Francis was granted an additional 350,000 shares.
On
September 4, 2008, Apollo Medical Management, Inc. executed an employment
agreement with Jilbert Issai, M.D., to provide services as Senior Vice
President. The agreement is for an initial one-year term with provision for
successive one-year periods. Under the agreement, Doctor Issai is entitled to a
nominal salary and may be granted options to purchase an aggregate of 300,000
shares of the Company’s common stock at an exercise price of $.10 per share when
and if the Company is to adopt a stock compensation plan.
On
October 27, 2008, the Company entered into a Board of Director’s Agreement with
Suresh Nihalani. The Company will issue a stock award of 400,000 shares to Mr.

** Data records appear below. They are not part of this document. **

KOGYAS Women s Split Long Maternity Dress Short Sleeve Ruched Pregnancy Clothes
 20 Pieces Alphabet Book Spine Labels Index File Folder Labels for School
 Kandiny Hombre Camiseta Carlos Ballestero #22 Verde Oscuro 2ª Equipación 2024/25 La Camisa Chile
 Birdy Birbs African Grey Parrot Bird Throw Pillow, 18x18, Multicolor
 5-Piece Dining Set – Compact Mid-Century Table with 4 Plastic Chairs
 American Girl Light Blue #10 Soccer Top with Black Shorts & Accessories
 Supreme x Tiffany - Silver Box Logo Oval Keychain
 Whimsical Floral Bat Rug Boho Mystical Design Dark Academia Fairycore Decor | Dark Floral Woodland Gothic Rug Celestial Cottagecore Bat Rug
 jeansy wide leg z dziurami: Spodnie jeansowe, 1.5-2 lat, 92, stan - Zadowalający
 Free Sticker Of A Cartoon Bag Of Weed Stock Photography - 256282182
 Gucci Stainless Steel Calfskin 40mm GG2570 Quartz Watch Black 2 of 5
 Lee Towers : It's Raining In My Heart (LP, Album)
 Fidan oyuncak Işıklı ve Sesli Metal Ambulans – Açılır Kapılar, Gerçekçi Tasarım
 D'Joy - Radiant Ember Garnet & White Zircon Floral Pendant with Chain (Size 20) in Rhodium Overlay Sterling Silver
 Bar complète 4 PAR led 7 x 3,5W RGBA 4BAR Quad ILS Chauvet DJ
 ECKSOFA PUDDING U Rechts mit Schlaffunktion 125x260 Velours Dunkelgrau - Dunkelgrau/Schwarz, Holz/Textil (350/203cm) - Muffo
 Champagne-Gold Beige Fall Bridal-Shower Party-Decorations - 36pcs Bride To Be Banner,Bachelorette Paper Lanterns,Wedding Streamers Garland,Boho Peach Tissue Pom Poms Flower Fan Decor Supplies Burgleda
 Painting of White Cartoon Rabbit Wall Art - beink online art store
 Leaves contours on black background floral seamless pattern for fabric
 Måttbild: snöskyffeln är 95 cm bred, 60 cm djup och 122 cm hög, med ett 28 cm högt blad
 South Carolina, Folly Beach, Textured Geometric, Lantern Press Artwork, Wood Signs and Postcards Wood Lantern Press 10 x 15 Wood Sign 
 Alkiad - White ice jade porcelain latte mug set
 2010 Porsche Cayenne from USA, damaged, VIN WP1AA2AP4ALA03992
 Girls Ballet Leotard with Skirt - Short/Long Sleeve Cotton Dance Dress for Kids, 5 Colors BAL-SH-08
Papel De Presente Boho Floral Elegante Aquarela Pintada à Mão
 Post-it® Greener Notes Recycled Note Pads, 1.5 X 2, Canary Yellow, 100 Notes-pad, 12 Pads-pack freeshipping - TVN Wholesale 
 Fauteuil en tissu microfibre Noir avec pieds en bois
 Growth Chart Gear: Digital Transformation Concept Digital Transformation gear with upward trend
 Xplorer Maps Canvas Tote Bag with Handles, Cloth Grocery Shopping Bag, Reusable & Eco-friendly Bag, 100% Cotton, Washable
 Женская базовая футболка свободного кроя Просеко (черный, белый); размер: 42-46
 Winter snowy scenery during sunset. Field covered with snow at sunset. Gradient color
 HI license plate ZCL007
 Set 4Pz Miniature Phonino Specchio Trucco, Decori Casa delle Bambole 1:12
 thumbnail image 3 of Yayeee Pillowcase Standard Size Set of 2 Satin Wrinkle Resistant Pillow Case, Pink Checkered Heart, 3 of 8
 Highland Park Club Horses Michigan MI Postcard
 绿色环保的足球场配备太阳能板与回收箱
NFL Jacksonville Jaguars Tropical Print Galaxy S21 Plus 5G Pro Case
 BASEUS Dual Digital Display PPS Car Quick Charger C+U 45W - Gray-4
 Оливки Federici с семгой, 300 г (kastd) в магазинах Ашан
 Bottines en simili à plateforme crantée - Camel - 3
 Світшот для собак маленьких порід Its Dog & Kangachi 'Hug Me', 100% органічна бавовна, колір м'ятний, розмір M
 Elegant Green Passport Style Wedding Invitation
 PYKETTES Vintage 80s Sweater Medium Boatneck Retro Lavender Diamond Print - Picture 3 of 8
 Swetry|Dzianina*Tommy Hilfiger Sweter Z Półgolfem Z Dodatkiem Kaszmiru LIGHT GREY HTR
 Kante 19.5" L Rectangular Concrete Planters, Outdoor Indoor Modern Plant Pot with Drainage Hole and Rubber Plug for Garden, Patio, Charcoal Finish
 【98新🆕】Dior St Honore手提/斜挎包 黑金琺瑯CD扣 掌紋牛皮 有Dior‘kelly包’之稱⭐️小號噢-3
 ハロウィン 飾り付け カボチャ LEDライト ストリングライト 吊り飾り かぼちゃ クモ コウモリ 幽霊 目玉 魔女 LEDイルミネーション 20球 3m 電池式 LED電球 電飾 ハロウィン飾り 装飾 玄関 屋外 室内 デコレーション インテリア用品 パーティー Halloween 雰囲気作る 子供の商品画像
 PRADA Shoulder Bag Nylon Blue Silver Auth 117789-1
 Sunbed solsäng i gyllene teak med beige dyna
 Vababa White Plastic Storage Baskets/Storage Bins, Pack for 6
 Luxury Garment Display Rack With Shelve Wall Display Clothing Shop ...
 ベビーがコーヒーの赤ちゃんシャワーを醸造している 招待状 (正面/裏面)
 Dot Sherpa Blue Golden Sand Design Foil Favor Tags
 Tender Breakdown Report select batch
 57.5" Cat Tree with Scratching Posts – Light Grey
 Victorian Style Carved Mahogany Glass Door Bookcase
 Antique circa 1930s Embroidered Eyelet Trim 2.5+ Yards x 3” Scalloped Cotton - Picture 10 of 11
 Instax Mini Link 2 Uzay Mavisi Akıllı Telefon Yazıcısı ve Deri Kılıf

Nihalani, under the terms of the Director’s Agreement, which shares will be
issued ratably over a thirty-six month period commencing December 2008. The
shares will be released to Mr. Nihalani on a monthly basis during his tenure as
a Director. The distribution of shares will continue as long as Mr. Nihalani
serves on the Board, but will cease when Mr. Nihalani is no longer is a
Director. Mr. Nihalani was issued 11,111 shares under this agreement in the year
ended January 31, 2009 and an additional 144,443 shares in the year ended
January 31, 2010.
The
Company received a claim for $250,000 relating to amounts purportedly owed by
the Company as a result of the initial reverse acquisition transaction. This
dispute relates to the initial letter dated June 3, 2008. The terms of the
letter of intent call for, among other things, the payment of cash of $250,000
within 60 days of closing. The letter of intent states, however, that it is
intended to serve as a memorandum of the Parties current discussions, and that a
definitive transaction agreement will follow. The letter of intent further
states that both parties acknowledge that all provisions of the letter of intent
are non binding, and that no contract or agreement providing for a transaction
shall be deemed to exist unless and until a final agreement has been negotiated
and executed. The final merger agreement that was executed contains a clause
that it is the “entire agreement” and thus supersedes all previous agreements
including the letter of intent; moreover, management contends that there are no
additional amounts owed under the final merger agreement. The Company has not
accrued for any amount asserted in the above claim as the attorney of the
Company has advised that the claim is in its early stage and the outcome of this
matter could not be predicted at this stage.